Student Question
How does the poem "Long Distance II" present the loss of a loved one?
Quick answer:
"Long Distance II" by Tony Harrison explores the enduring impact of loss by depicting how both the narrator and his father struggle to accept the deaths of loved ones. The father continues daily rituals as if his deceased wife is alive, and the narrator, despite acknowledging death's finality, keeps his father's contact details and calls his number, suggesting a reluctance to fully accept their absence. This behavior underscores the deep, unresolved grief both characters experience.
In "Long Distance II" by Tony Harrison, the loss of a loved one is presented as though that person is still around somewhere, even while the narrator bluntly acknowledges that "life ends with death, and that is all" (line 13). This is the line that makes the poem intriguing.

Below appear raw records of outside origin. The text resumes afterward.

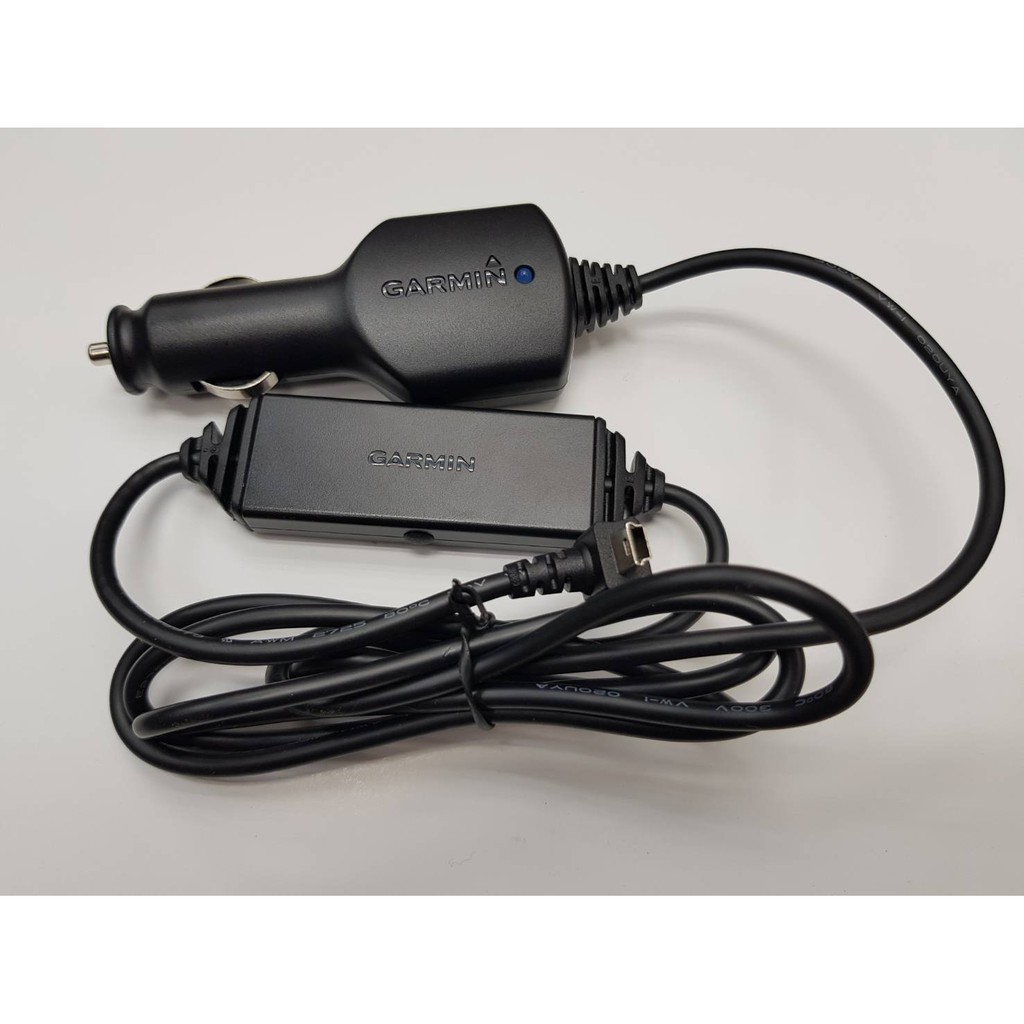 全新garmin 原廠2a Mini Usb 電源線車充線導航行車記錄器專用mini Usb 接頭 蝦皮購物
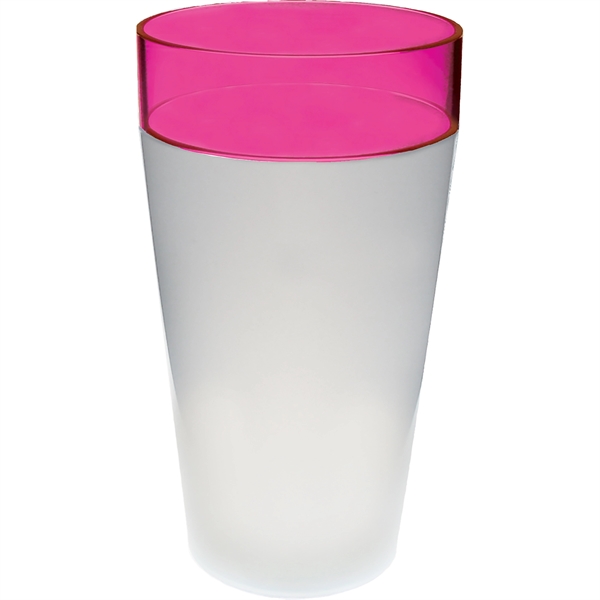 20 oz. Styrene Plastic Tumbler.  USA made, mix and match... from ASI 61952 Howw Mfg Co Inc / Howw USA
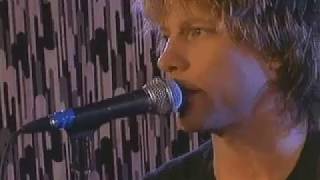 BON JOVI Someday I'll Be Saturday Night (Live)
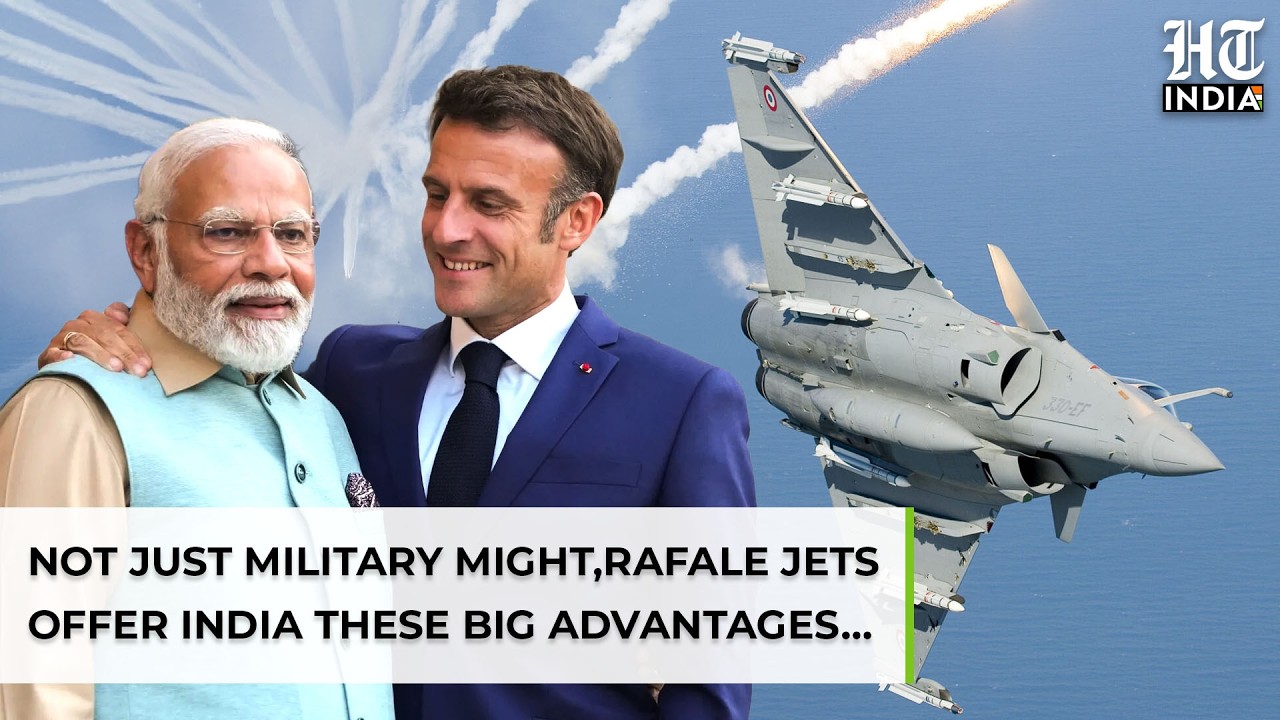 India Picks Rafale: Not Just Aerial Might, These Reasons Swung Fighter Jet Deal In France’s Favour
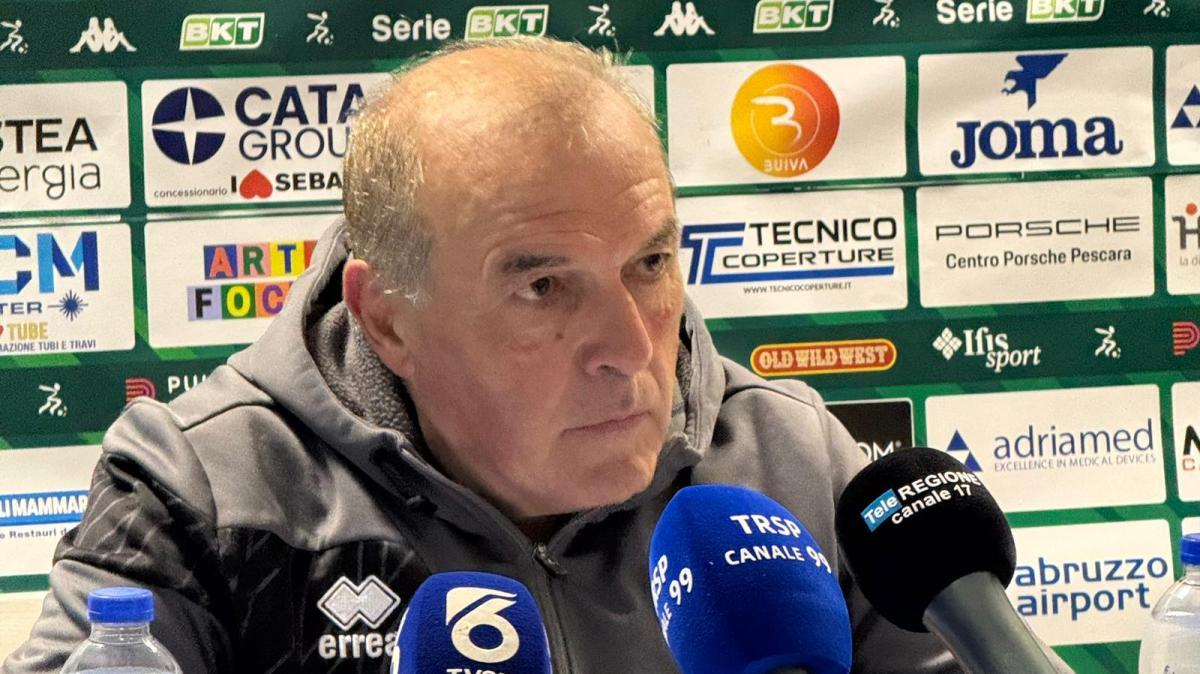 Sudtirol, Castori: "Perso per un episodio, la Sampdoria non ha fatto nulla per vincere"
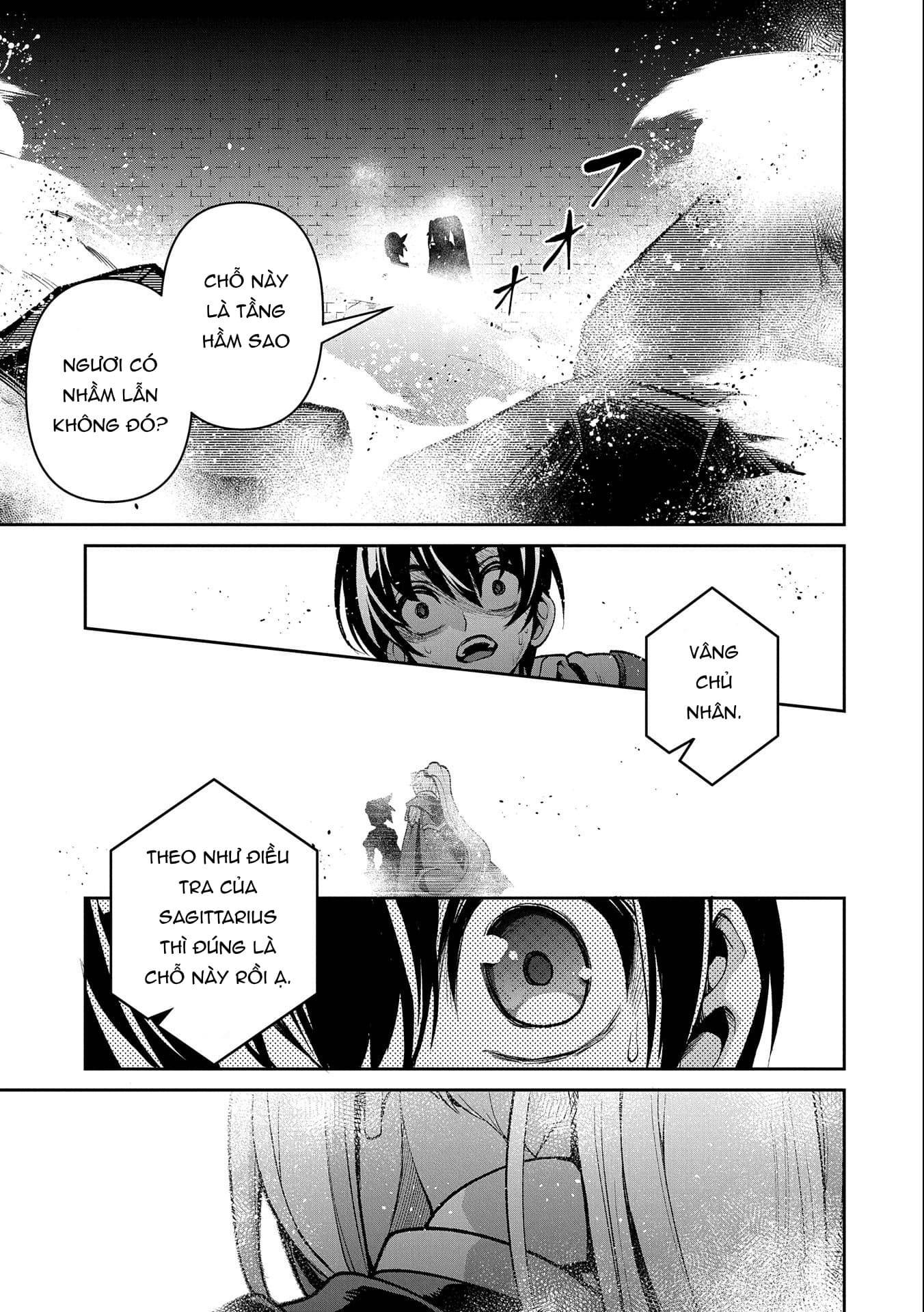 Yasei No Last Boss Ga Arawareta Chap 432 - Next Chap 433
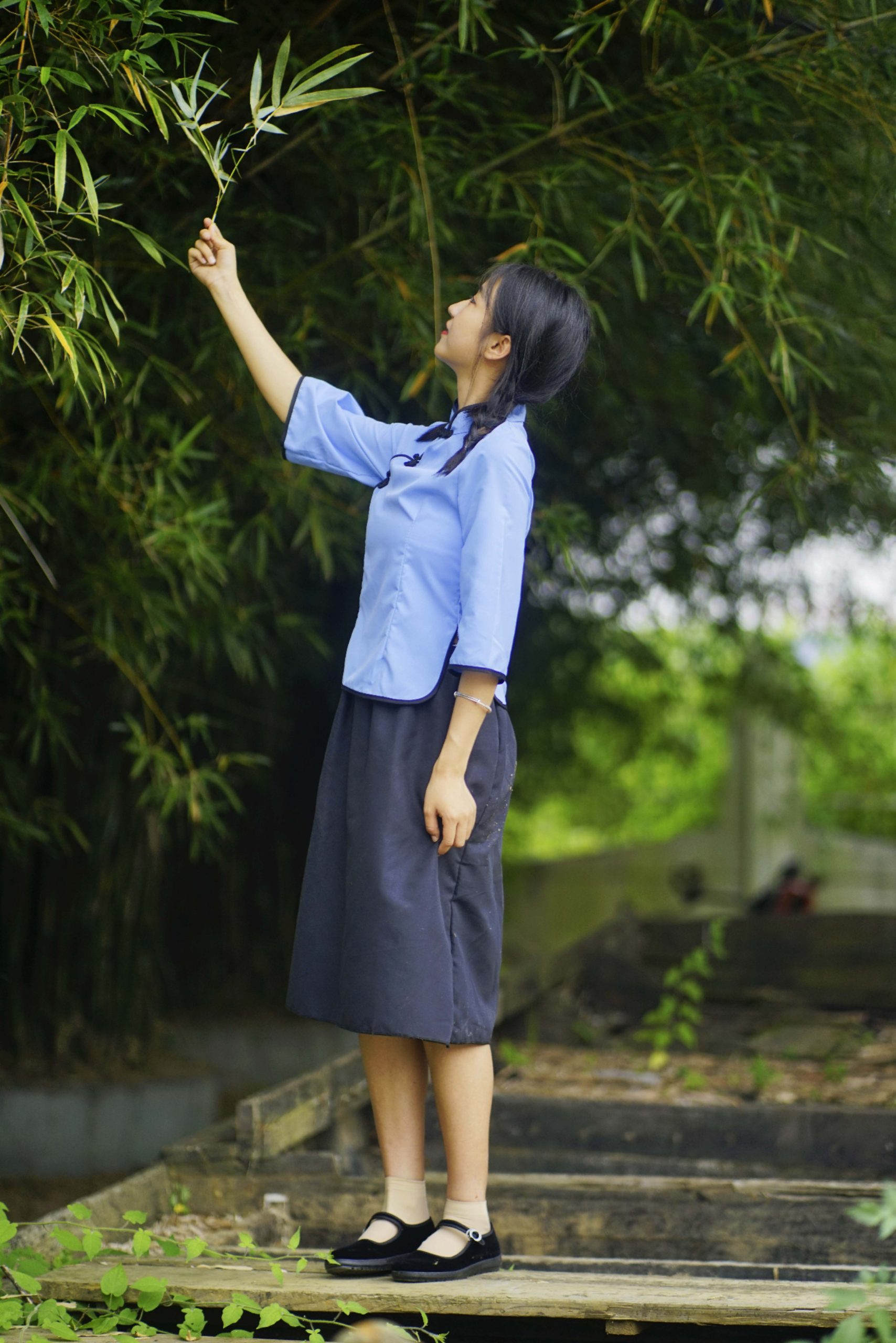 051/点点~《民国少女》穿越百年与你相遇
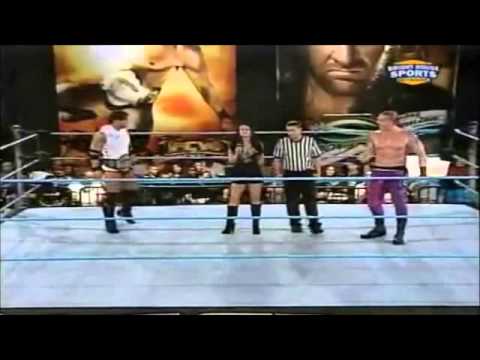 The Best Matches Of FCW 2009: FCW 11/21/09: Justin Angel vs Heath Slater II Highlights!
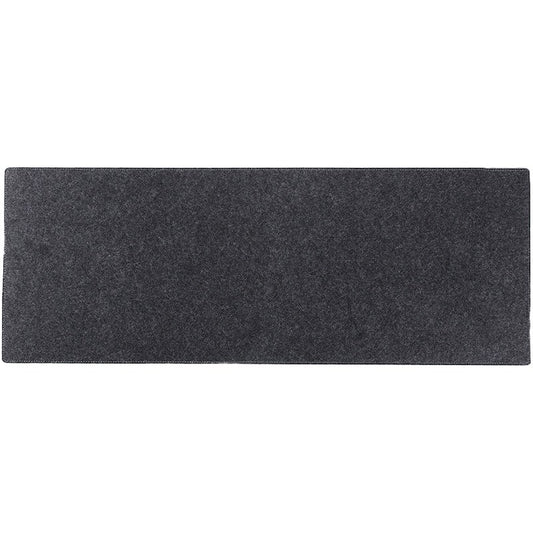 Dusk XL Felt Desk Mat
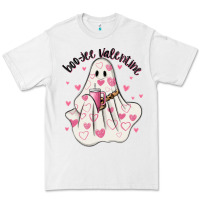 White boo jee valentine Premium Tee - MaliasSmallBusiness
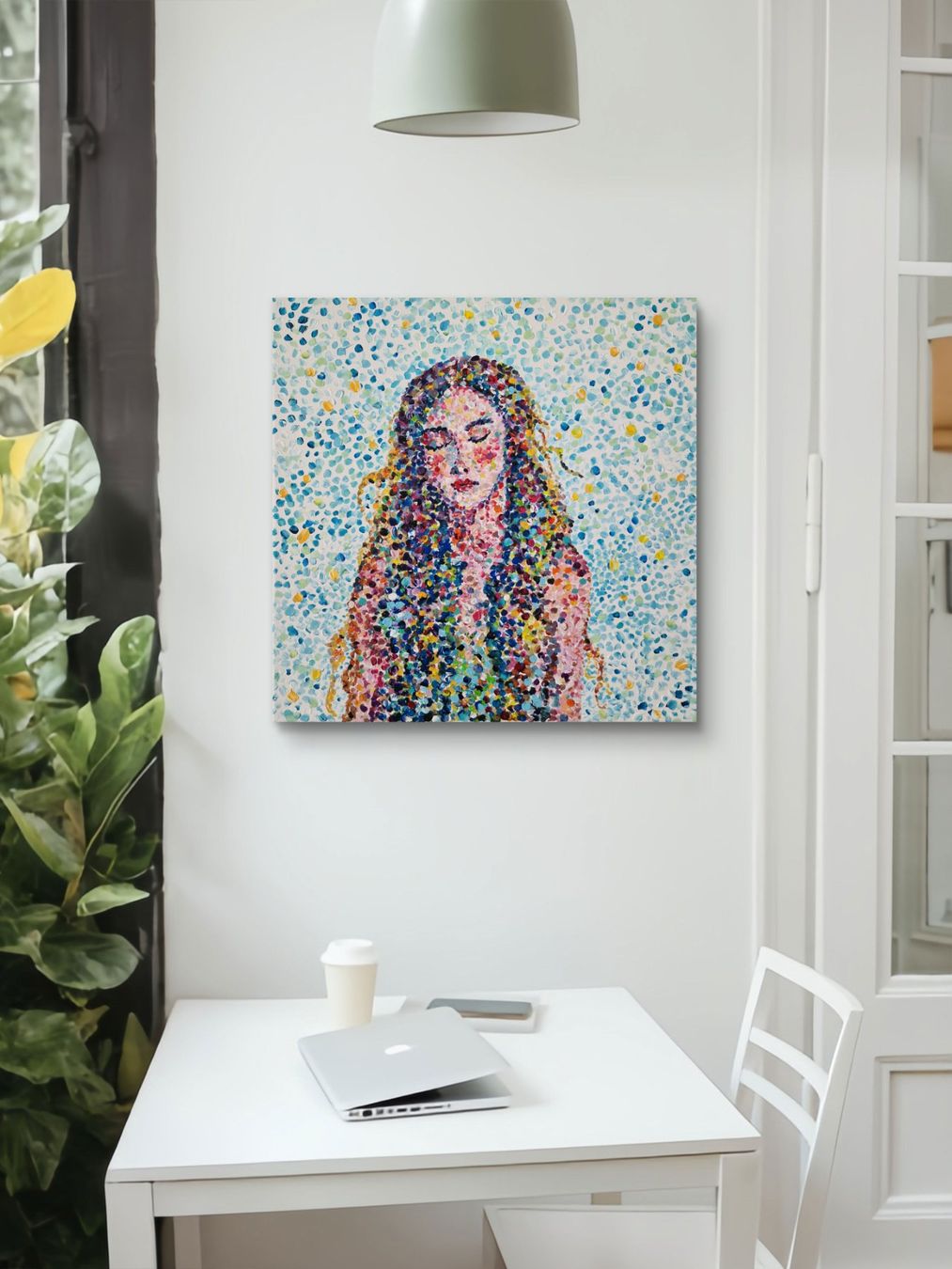 Tableaux: Innerer Frieden – Neuf avec emballage d'origine à Heimberg par CBalmerArt 7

He has watched his father, even two years after the death of his mother, behaving as though "she’d just popped out to get the tea" (12). His father had kept her slippers warm, "put hot water bottles her side of the bed / and still went to renew her transport pass" (2-4). All the same, he'd hide these signs of of his "still raw love" before he'd allow his son to visit, as though his odd behaviors were a "crime" (8).
At the end of the poem, we learn that the narrator has also lost his father now, but even while he says he believes "life ends with death," he has written his father's name and number in his new black leather phone book" and he still calls it (15-6), suggesting that he is either unable to accept that his father is gone or it's simply easier for him to go on pretending that his father is alive--somewhere.